• [What the exercise asks]: Output must consist only of the lines of the material below from the one with "Sorry for My" through the one with "Telewizor UNITRA Vela", each reproduced exactly; no pictures belong in it.

• [Input]:
-- -- --
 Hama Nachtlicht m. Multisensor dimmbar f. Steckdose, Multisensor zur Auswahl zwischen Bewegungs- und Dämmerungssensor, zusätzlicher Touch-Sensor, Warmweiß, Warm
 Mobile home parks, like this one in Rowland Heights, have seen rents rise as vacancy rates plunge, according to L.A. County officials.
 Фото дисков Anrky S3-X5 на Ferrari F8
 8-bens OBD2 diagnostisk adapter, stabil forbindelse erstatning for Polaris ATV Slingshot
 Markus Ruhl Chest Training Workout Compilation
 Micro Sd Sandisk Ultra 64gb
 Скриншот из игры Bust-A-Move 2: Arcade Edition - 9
-- -- --
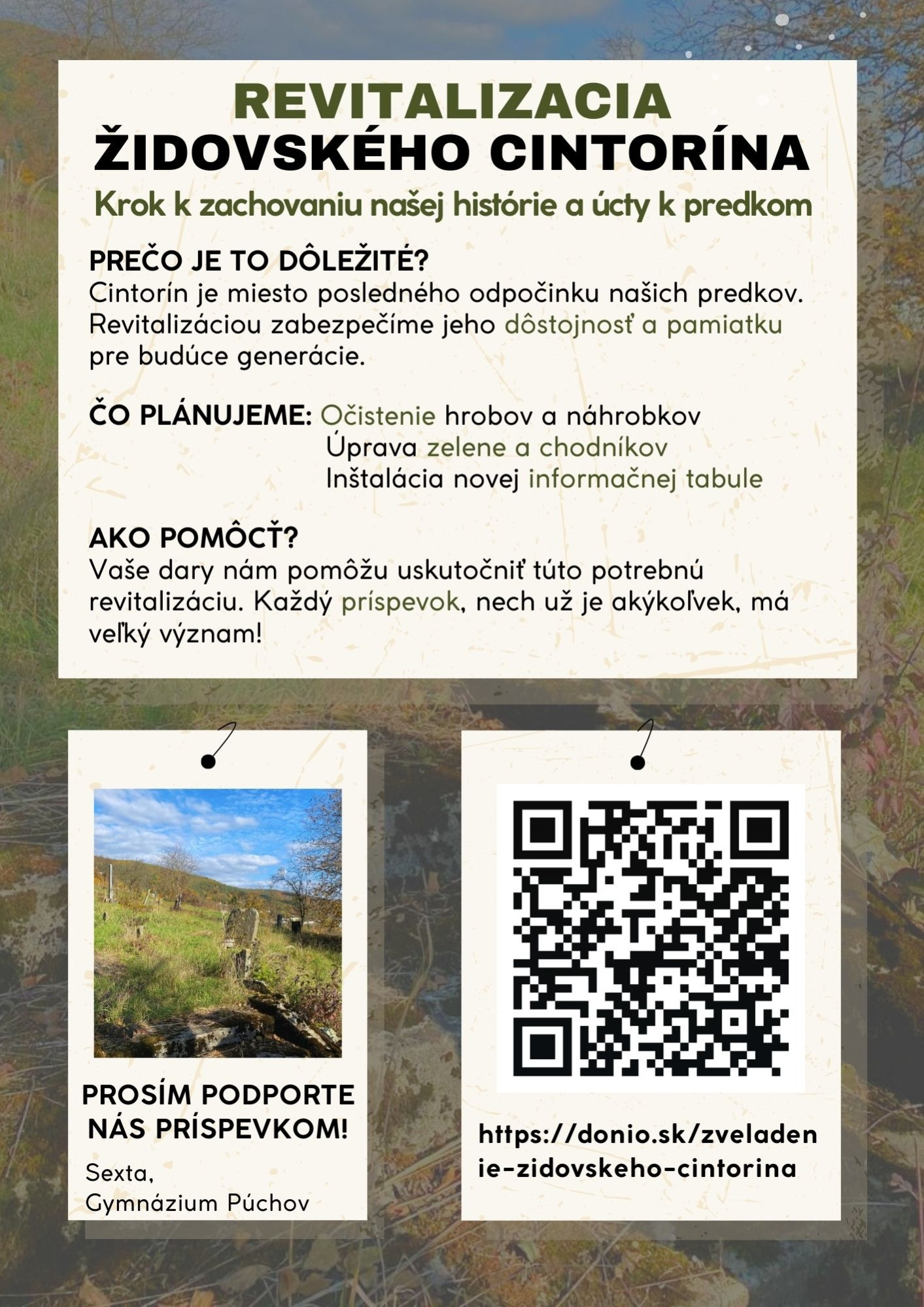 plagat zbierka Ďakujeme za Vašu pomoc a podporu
-- -- --
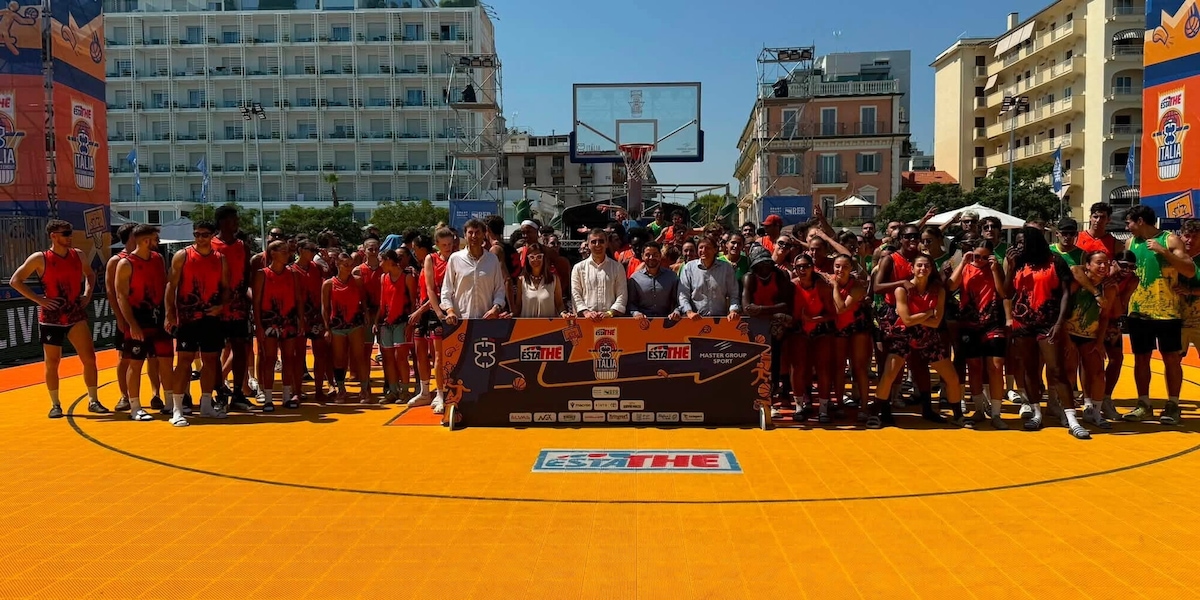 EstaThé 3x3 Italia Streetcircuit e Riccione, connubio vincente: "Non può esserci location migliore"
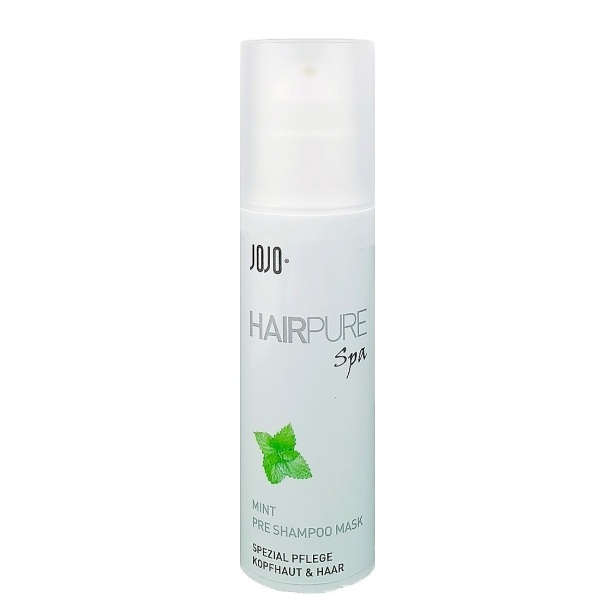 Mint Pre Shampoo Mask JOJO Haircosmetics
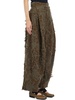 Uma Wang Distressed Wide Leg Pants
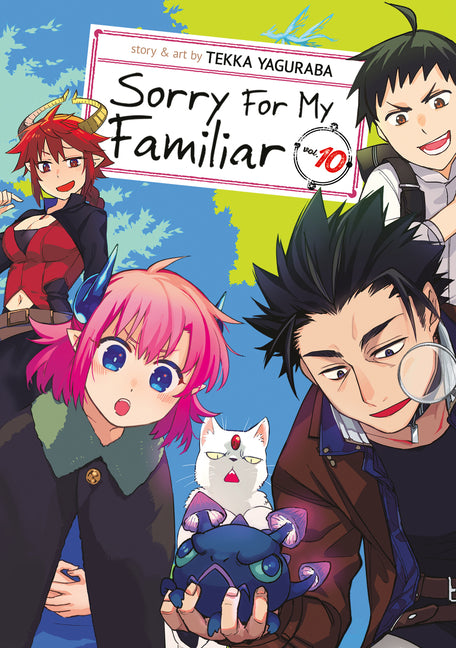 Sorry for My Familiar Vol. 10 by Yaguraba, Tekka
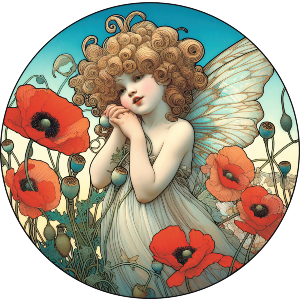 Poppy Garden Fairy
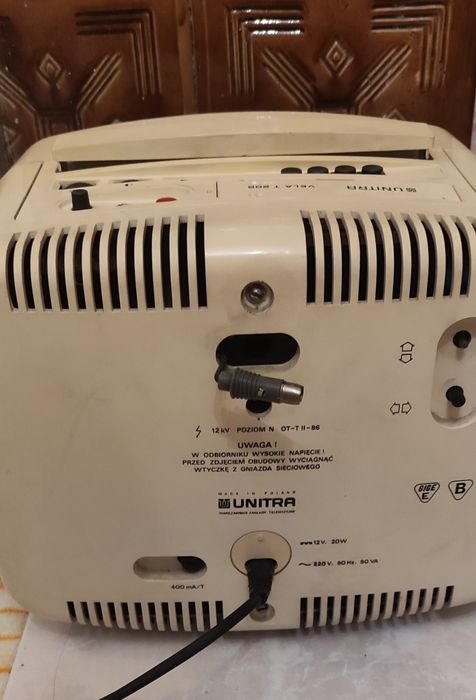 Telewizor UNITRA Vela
-- -- --
• [Expected output]:
 Sorry for My Familiar Vol. 10 by Yaguraba, Tekka
 Poppy Garden Fairy
 Telewizor UNITRA Vela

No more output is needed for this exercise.